From that process came the Gamut Seal of Approval, launched in 2022. Think of it as a stamp right beside a brand logo that quietly says, disabled people helped shape this. The product has been vetted by community members and professionals who understand both function and dignity. Adidas was among the first partners, placing the seal on an adaptive sock that rethinks something as simple as getting dressed feet first.
Runway of Dreams grooms big labels but the foundation also runs college clubs at over 20 universities. Students with and without disabilities stage their own adaptive runway shows on campus, cast their peers and pull disability fashion straight into lecture halls, cafeterias and dorm scroll feeds. For many young designers, it is their first time cutting a pattern while considering seated fit, sensory needs or limited dexterity.

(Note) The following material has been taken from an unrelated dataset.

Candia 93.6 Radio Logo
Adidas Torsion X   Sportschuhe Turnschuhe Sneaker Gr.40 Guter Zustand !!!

That surge of new talent gained even more force when the organization stepped into a new phase. In April, Runway of Dreams and Gamut Management were acquired by the FedCap Group, a move that expands their reach with stronger infrastructure, broader networks and access to far bigger audiences at a time when DEI initiatives face pressure and fashion brands grapple with economic shifts. The acquisition marks a decisive next chapter and while that unfolds, the next generation is already taking shape.
That focus comes into sharp view through the foundation’s internship program, now in its seventh year and built to immerse young creatives in the inner workings of adaptive fashion. Students learn disability culture, product challenges and industry gaps across roles like design, marketing, finance, PR and product development. This year marked a milestone. Sixty percent of interns identified as disabled, a shift that Mindy considers essential because so many disabled students struggle to find accessible placements. Interns collaborated, listened to brand leaders, learned the craft of inclusion and spent the whole summer on a pitch challenge. Teams select a sportswear company, design a virtual adaptive product, build marketing plans and prepare detailed budgets. It’s a training ground for a future where inclusion is baked into the job description.
For Mindy, the professional and the personal blur in the best way. Oliver is now 19 and recently finished his first year of college. He dresses himself with far greater independence than anyone predicted a decade ago. There is no cure for his form of muscular dystrophy. She will never control that. What she can influence is his daily life, his confidence, the way he walks or wheels into a room wearing something that feels like him.
When she speaks to emerging designers, her message lands with the clarity of a runway spotlight. Just because clothing has been built one way since the 13th century, when buttons and buttonholes arrived, does not mean that is the rule forever. Innovation plus design can reshape the closet. Think magnets, side openings, higher back rises for seated wearers and fabrics that respect fluctuating temperature and sensory needs.

And when a pitch gets turned down, she refuses to call it failure. To Mindy, a “no” is information. Information leads to knowledge and knowledge fuels power. That mindset is stitched into every show, every focus group and every altered hem.
Adaptive fashion should not be considered a side category. It is fashion, full stop. Sequins, denim, lingerie, sneakers and socks, reimagined through minds that know what it feels like when the world is not built with you in mind.
Mindy Scheier is not waiting for permission. She is backstage, headset on, cueing the lights while models with disability roll, walk, crutch and strut under the cameras, proving something very simple: When everyone gets dressed on their own terms, the whole industry looks better.